## ABOUT THIS TASK
Please reproduce all of the data below exactly, leaving each picture out.

## THE DATA
════════════════

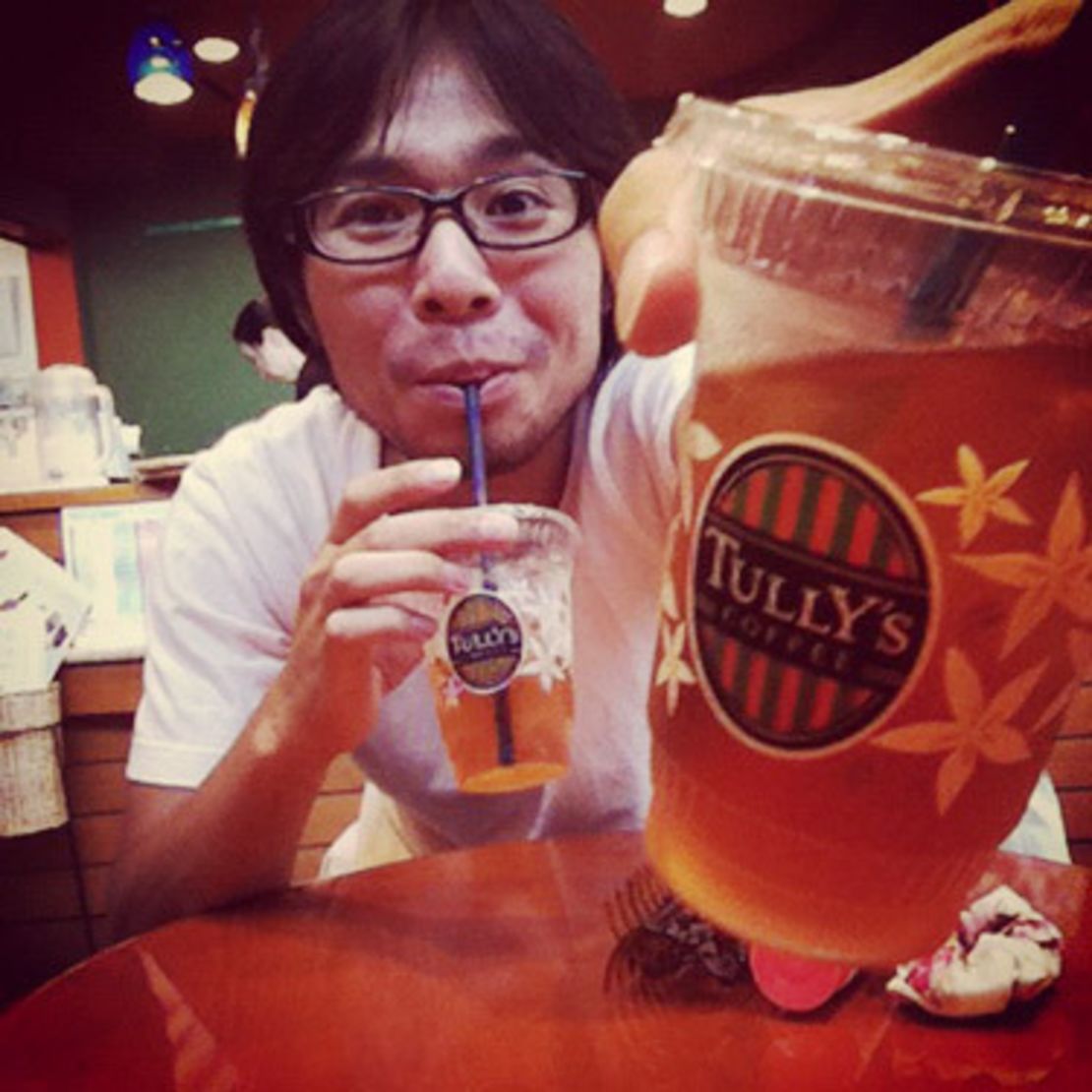Keisuke was sick of seeing people with lovebirds in tow. So he invented his own.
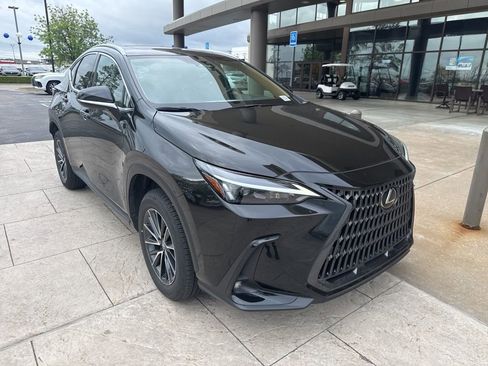 Used 2025 Lexus NX 250 FWD w/ Towing Package (2000 Lbs) image 2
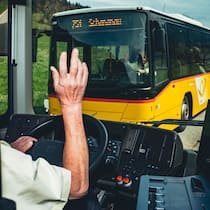 Grüsse gehen raus – und machen Freude Busfahrer grüsst mit erhobener Hand einen entgegenkommenden Busfahrer - Wer andere grüsst, lebt besser. Trotzdem verzichten viele auf ein Hallo. Das ändert sich jetzt. Grund ist ein Busfahrer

════════════════

## RESPONSE TO THIS EXERCISE
Keisuke was sick of seeing people with lovebirds in tow. So he invented his own.
 Used 2025 Lexus NX 250 FWD w/ Towing Package (2000 Lbs) image 2
 Grüsse gehen raus – und machen Freude Busfahrer grüsst mit erhobener Hand einen entgegenkommenden Busfahrer - Wer andere grüsst, lebt besser. Trotzdem verzichten viele auf ein Hallo. Das ändert sich jetzt. Grund ist ein Busfahrer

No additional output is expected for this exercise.